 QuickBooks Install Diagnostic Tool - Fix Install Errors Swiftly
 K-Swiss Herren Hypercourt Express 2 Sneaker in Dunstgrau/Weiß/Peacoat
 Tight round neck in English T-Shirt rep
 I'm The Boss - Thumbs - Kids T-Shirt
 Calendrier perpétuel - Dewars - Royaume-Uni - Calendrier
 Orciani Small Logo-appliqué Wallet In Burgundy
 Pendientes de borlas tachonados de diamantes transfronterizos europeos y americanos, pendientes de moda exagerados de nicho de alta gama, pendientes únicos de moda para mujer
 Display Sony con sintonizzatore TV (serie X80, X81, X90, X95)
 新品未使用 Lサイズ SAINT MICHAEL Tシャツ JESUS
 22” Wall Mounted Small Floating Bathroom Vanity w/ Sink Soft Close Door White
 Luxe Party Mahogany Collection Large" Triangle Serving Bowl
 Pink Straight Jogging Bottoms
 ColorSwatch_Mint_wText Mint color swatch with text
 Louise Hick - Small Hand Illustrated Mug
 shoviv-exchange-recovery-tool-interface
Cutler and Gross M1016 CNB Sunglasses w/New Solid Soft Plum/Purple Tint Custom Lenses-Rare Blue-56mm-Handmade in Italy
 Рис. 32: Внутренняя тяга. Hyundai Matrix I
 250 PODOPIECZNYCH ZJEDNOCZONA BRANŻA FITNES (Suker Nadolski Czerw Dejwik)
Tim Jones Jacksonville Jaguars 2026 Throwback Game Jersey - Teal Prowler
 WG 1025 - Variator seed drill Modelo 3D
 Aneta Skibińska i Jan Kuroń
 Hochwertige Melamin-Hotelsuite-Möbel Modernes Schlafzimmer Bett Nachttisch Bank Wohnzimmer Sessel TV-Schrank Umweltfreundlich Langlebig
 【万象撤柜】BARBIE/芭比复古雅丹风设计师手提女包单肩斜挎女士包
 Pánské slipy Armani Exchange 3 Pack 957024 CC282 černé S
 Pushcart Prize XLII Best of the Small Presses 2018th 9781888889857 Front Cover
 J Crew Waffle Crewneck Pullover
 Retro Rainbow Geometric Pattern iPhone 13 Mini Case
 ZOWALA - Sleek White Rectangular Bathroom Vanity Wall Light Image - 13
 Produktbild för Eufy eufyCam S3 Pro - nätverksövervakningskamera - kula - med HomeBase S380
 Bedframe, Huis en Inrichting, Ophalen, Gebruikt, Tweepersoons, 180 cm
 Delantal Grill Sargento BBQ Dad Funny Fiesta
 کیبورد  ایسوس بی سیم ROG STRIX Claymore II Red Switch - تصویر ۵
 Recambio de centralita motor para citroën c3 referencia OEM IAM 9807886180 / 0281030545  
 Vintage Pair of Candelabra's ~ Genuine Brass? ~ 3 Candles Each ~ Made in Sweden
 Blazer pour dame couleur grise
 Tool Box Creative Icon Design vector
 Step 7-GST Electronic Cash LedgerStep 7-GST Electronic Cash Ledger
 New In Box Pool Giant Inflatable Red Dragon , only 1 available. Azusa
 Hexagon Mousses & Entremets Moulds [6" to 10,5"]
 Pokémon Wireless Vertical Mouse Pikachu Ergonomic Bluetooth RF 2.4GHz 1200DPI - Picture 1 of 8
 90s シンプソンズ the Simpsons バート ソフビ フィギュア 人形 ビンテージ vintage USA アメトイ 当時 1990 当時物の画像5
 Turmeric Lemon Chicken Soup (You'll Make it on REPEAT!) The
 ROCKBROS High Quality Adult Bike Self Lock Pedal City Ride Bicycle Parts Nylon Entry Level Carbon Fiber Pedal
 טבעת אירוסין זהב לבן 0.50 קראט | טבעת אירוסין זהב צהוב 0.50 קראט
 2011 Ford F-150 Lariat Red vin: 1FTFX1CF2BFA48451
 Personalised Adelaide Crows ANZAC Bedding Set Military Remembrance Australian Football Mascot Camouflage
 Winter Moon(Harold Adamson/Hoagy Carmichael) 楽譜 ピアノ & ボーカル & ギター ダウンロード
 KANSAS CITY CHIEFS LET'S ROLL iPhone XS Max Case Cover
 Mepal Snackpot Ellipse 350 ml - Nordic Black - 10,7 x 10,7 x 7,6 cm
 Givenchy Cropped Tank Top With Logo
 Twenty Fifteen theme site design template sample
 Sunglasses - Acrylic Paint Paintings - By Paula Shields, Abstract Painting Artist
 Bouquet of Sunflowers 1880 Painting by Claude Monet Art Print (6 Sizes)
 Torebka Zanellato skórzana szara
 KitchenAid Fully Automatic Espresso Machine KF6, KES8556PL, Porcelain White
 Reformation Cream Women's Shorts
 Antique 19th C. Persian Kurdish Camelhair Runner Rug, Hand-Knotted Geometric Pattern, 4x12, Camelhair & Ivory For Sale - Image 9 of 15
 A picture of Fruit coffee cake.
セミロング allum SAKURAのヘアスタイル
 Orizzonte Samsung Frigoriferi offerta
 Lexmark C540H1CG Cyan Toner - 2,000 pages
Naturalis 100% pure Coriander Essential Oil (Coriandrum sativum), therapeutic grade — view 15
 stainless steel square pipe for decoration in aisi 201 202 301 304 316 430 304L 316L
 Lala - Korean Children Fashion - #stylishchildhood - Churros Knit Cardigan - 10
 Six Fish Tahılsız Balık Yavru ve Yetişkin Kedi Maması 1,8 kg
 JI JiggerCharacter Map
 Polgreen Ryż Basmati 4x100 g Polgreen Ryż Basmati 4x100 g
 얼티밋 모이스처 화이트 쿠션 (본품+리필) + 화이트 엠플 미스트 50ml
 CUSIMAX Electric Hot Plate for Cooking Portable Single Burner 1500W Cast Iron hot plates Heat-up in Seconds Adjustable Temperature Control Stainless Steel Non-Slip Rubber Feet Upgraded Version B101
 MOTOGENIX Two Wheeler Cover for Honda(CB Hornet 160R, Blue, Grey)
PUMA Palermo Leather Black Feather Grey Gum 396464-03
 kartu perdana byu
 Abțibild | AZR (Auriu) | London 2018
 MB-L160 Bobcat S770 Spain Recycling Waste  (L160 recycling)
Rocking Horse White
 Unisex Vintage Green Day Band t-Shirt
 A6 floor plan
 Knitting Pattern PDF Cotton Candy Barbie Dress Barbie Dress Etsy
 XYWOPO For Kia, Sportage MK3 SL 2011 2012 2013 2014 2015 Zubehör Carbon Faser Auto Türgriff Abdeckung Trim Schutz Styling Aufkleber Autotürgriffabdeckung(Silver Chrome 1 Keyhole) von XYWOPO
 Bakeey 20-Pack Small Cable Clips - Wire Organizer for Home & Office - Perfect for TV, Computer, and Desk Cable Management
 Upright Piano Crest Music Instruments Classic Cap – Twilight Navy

What this task involves »
Extract, please, the lines from the start of the entries above through the one with "Calendrier perpétuel - Dewars", both included, reproducing each exactly and adding nothing.

Task output »
 QuickBooks Install Diagnostic Tool - Fix Install Errors Swiftly
 K-Swiss Herren Hypercourt Express 2 Sneaker in Dunstgrau/Weiß/Peacoat
 Tight round neck in English T-Shirt rep
 I'm The Boss - Thumbs - Kids T-Shirt
 Calendrier perpétuel - Dewars - Royaume-Uni - Calendrier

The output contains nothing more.